Il prezioso tesoro verrà sottoposto a un attento restauro che consentirà, mediante le preventive indagini diagnostiche, di approfondire la conoscenza del contesto in cui sono stati rinvenuti. La scoperta è di fondamentale importanza per la comprensione della storia dell’isola della Sardegna e dell’Impero Romano.
Questa scoperta rappresenta un importante passo avanti nella comprensione della storia della Sardegna e dell’Impero Romano.
Come accennato prima, a rinvenire le numerose monete è stato un privato cittadino durante un’immersione. Ha notato dei resti metallici a poca profondità a non molta distanza dalla costa di antistante Arzachena.
Ha allertato il Nucleo archeologico subacqueo della Soprintendenza Archeologia, Belle Arti e Paesaggio di Sassari e Nuoro che, il giorno successivo, assieme con i Carabinieri del Nucleo Tutela Patrimonio Culturale della Sardegna e del Nucleo Carabinieri Subacquei della Sardegna si sono immersi nelle acque per eseguire una prima ricognizione nel tratto di mare interessato, con la collaborazione del Nucleo Sommozzatori dei Carabinieri di Cagliari e di quello dei Vigili del Fuoco di Sassari, insieme alla Polizia di Stato, alla Guardia di Finanza e alle Capitanerie di Porto.
Le immersioni fatte hanno portato alla luce due sorprendenti macro-aree di dispersione dei follis tra la spiaggia e le zone coperte di posidonia. In particolare, questa seconda area sia per la sua posizione che per la morfologia della superficie sabbiosa, potrebbe addirittura custodire resti cospicui di un relitto.
Per il momento il vostro Michelangelo Buonarroti vi saluta dandovi appuntamento ai prossimi post e sui social.
Sardinia: an incredible treasure of ancient coins found at the bottom of the sea
According to a first rough estimate, made on the overall basis of weight, the bronze coins found from the first half of the 4th century AD. it would be between 30 thousand and 50 thousand.
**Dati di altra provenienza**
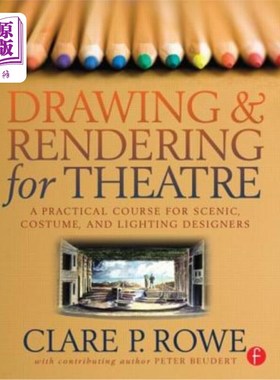 海外直订Drawing & Rendering for Theatre: A Practical Course for Scenic, Costume, and Lig 戏剧绘图与渲染:一门针对布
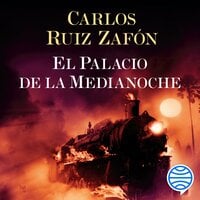 El Palacio de la Medianoche - Carlos Ruiz Zafón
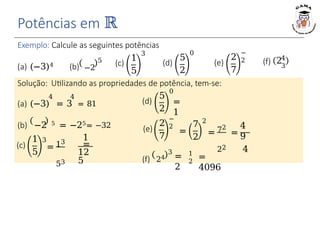 (a) (−3)4 (b) −2
5 (d)
5
2
0
(e)
2
7
−
2
(c)
1
5
(c)
1
5
Exemplo: Calcule as seguintes potências
3
(d)
Solução: Utilizando as propriedades de potência, tem-se:
0
(e)
5
2
2
7
−
2
(f) 24
3
(f) 24
3
4 4
(a) (−3) = 3 = 81
(b) −2 5 = −25= −32
3
Potências em ℝ
= 13
53
1
=
12
5
=
1
=
7
2
2
= 72
22
=
4
9
4
=
2
1
2
=
4096
 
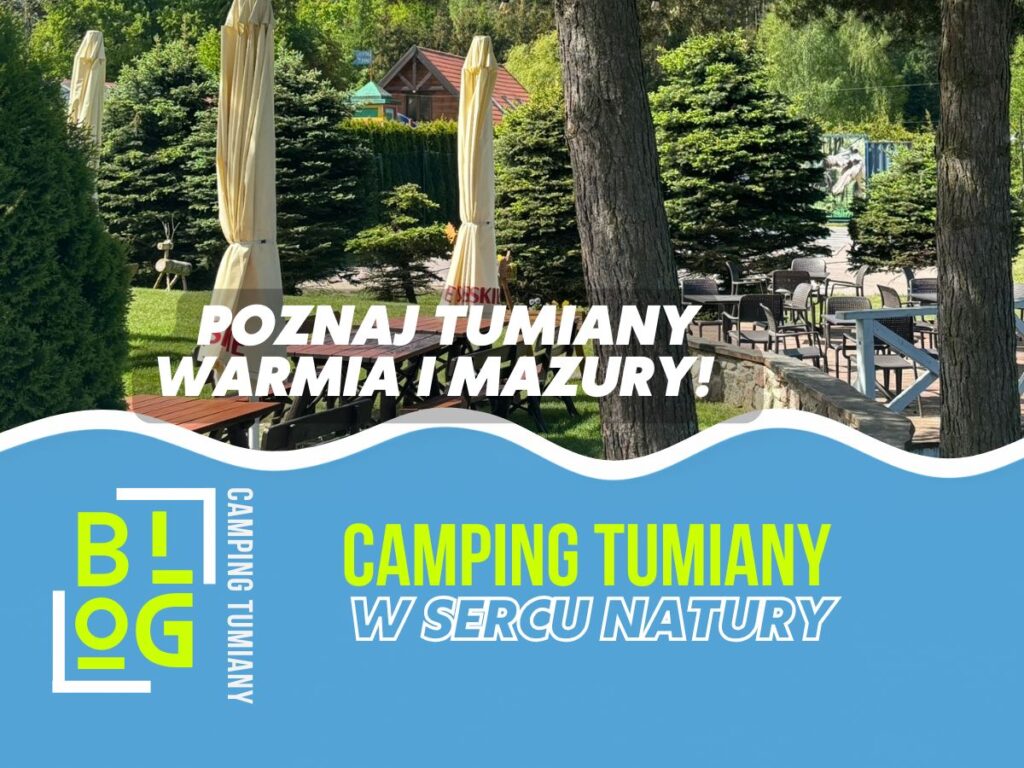 Camping Tumiany nad jeziorem na Warmii i Mazurach: śniadania i kolacje z miodem i chlebem na wynos; dojazd z Olsztyna 25 km, 30–40 min, sezon maj–wrzesień.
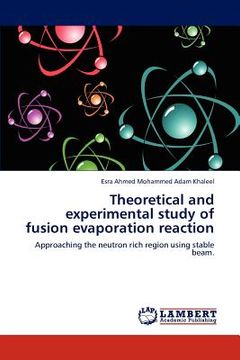 portada theoretical and experimental study of fusion evaporation reaction (en Inglés)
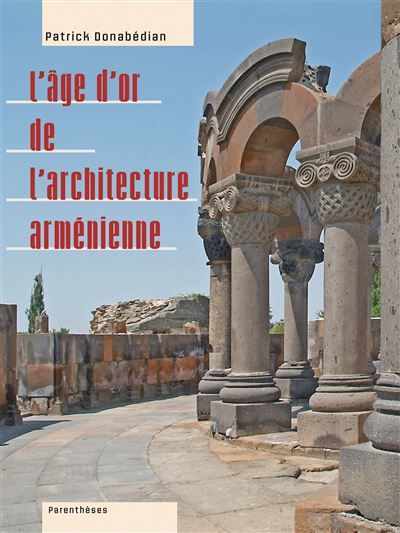 L'age d'or de l'architecture armenienne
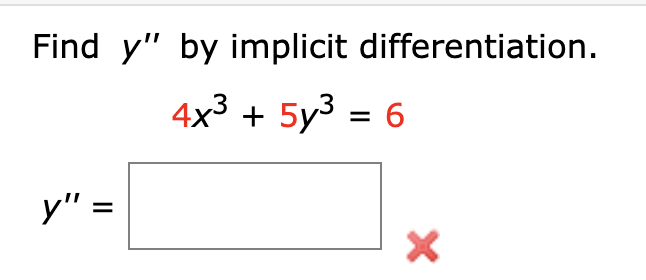 Find y" by implicit differentiation.
4x3 + 5y3 = 6
У" :
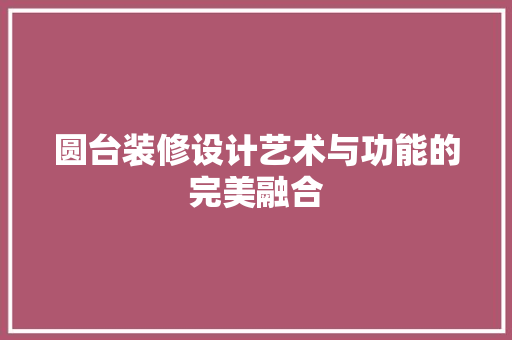 圆台装修设计艺术与功能的完美融合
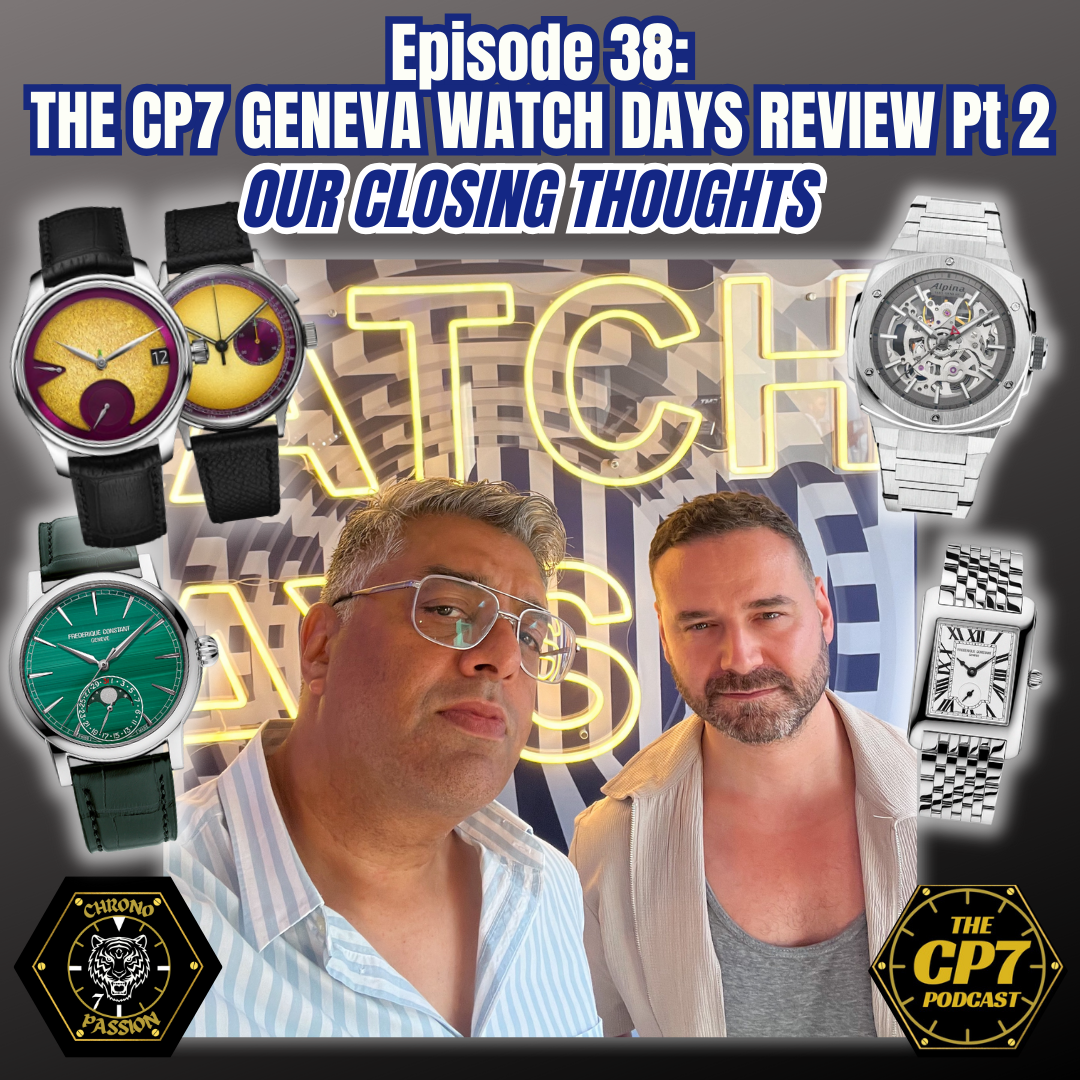 Ep #38: The CP7 Geneva Watch Days Review Pt 2 - Our Closing Thoughts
An incredible discovery made by a private citizen who dived along the north-eastern coast of Sardinia, in the sea in front of Arzachena, in the province of Olbia.
The coins found and recovered are in perfect conditions of conservation with the exception of four pieces that are slightly damaged but still legible.
The dating of the precious treasure is between 324 AD. with the coinage of Lycinus and 340 AD. due to the presence of coins of Constantine the Great and other members of the family dressed as caesars.
Completely missing the centenionales minted for the first time in 346 AD, it helps to reduce the dating gap of the coins found.
Most of the coins were made by mints in the Roman Empire at the time that were active at the time.
The precious treasure will be subjected to careful restoration which will allow, through preventive diagnostic investigations, to deepen our knowledge of the context in which they were found. The discovery is of fundamental importance for understanding the history of the island of Sardinia and the Roman Empire.
This discovery represents an important step forward in understanding the history of Sardinia and the Roman Empire.
As mentioned before, the numerous coins were found by a private citizen during a dive. He noticed some metallic remains at a shallow depth not far from the coast in front of Arzachena.
He alerted the underwater archaeological unit of the Superintendency of Archaeology, Fine Arts and Landscape of Sassari and Nuoro who, the following day, together with the Carabinieri of the Cultural Heritage Protection Unit of Sardinia and the Carabinieri Underwater Unit of Sardinia immersed themselves in the waters to carry out an first reconnaissance in the stretch of sea involved, with the collaboration of the Diving Unit of the Carabinieri of Cagliari and that of the Fire Brigade of Sassari, together with the State Police, the Financial Police and the Port Authorities.
The dives carried out brought to light two surprising macro-areas of dispersion of follis between the beach and the areas covered with posidonia. In particular, this second area, both due to its position and the morphology of the sandy surface, could even contain conspicuous remains of a wreck.
For the moment, your Michelangelo Buonarroti greets you and will meet you in future posts and on social media.